Plus proche car sur le même continent, le Venezuela est une insulte à la stratégie de l’interventionnisme qui ne dit pas son nom : « Maduro must go ! », tonnait le vice-président Mike Pence à Munich en février, comme si cet ordre ne devait pas tolérer le moindre retard d’exécution. Quatre mois plus tard, Nicolas Maduro est toujours en place, le président reconnu par les Etats-Unis ne parvient pas à prendre le pouvoir, le calvaire des Vénézuéliens se poursuit et la Norvège tente une lointaine médiation.

L’Iran ? Les nouvelles sanctions étranglent un peu plus l’économie iranienne, mais Téhéran n’a pas cédé. Cela fait quarante ans que les Iraniens vivent avec des sanctions : jusqu’ici, ils ont survécu. Le chef de la diplomatie allemande Heiko Maas, en visite à Téhéran ces jours-ci, juge la situation « hautement explosive ». Les Européens non plus n’ont pas cédé. Sur le reste du Moyen-Orient, on cherche en vain un motif de fierté pour la diplomatie américaine, malgré la destruction de l’organisation Etat islamique. Le plan de paix israélo-palestinien du gendre Jared Kushner s’annonce très mal.

Quelques résultats à court terme

Le trumpisme se distingue en fait surtout par la méthode. L’ancien roi de l’immobilier new-yorkais ayant accédé aux commandes de la puissance américaine fait régner sur le monde la menace d’une terreur qui n’est plus exercée par le nombre d’ogives nucléaires dont dispose le Pentagone, mais par un redoutable arsenal de sanctions économiques et de surtaxes douanières.
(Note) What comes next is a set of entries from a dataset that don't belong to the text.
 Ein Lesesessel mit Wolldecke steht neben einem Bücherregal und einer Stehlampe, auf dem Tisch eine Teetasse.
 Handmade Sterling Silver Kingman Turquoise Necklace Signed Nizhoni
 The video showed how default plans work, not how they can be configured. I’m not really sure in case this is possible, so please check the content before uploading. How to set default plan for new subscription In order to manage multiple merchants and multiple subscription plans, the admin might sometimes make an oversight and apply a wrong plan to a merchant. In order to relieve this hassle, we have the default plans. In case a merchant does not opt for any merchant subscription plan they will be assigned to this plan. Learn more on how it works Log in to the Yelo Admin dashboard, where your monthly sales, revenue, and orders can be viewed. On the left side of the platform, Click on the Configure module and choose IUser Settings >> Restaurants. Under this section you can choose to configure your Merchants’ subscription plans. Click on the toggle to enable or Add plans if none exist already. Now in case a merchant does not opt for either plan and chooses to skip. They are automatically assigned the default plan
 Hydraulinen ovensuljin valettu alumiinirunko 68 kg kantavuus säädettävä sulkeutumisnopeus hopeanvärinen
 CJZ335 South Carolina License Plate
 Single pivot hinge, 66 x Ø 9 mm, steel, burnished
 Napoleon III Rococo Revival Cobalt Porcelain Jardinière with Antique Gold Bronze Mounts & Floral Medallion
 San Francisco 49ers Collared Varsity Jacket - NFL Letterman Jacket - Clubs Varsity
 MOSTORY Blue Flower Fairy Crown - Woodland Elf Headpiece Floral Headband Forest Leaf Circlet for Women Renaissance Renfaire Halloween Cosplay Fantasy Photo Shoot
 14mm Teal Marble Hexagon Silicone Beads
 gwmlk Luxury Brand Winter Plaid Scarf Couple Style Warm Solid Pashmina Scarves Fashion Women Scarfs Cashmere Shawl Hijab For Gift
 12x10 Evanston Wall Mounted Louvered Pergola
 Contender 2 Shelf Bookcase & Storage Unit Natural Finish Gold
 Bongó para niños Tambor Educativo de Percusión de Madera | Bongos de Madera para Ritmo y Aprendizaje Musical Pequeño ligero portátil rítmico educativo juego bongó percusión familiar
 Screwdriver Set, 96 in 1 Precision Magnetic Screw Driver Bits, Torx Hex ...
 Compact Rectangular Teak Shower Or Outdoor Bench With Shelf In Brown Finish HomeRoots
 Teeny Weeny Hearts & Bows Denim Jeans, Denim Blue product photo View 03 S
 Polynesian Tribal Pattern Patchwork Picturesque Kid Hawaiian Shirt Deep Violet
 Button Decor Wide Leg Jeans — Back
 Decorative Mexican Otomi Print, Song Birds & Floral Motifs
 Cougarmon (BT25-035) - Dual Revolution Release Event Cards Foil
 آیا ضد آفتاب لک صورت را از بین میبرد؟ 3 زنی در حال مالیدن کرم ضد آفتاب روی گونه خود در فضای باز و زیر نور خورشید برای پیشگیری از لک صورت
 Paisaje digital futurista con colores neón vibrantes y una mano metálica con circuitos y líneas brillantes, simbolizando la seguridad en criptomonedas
Son champ de bataille de prédilection, c’est le système commercial mondial. Les Etats-Unis y jouent un rôle si prédominant, notamment grâce au dollar, que Trump peut punir bien au-delà de leurs frontières. Ses généraux s’appellent Steven Mnuchin, secrétaire au Trésor, et Robert Lighthizer, représentant au commerce. Lorsqu’il veut faire plier le Mexique sur le contrôle de l’émigration clandestine, il menace non pas de lui envoyer la troupe, mais d’imposer à ses produits de nouvelles taxes douanières.

Cela peut, comme dans le cas mexicain, produire quelques résultats à court terme. A plus long terme, l’effet de cette politique punitive sera sans doute dévastateur. Il l’est déjà sur les « alliés » des Etats-Unis. Il y a quelques jours, invité de l’Institut français des relations internationales à Paris, Henry Kissinger, du haut de ses 96 ans, se retournait sur « cette formidable épopée » qu’a été pour lui « d’observer l’évolution des Etats-Unis et de l’Europe ». « J’espère qu’ils continueront ensemble », a conclu gravement l’ancien secrétaire d’Etat de Nixon et de Ford. Et l’on comprenait que formuler cet espoir, c’était déjà admettre le doute.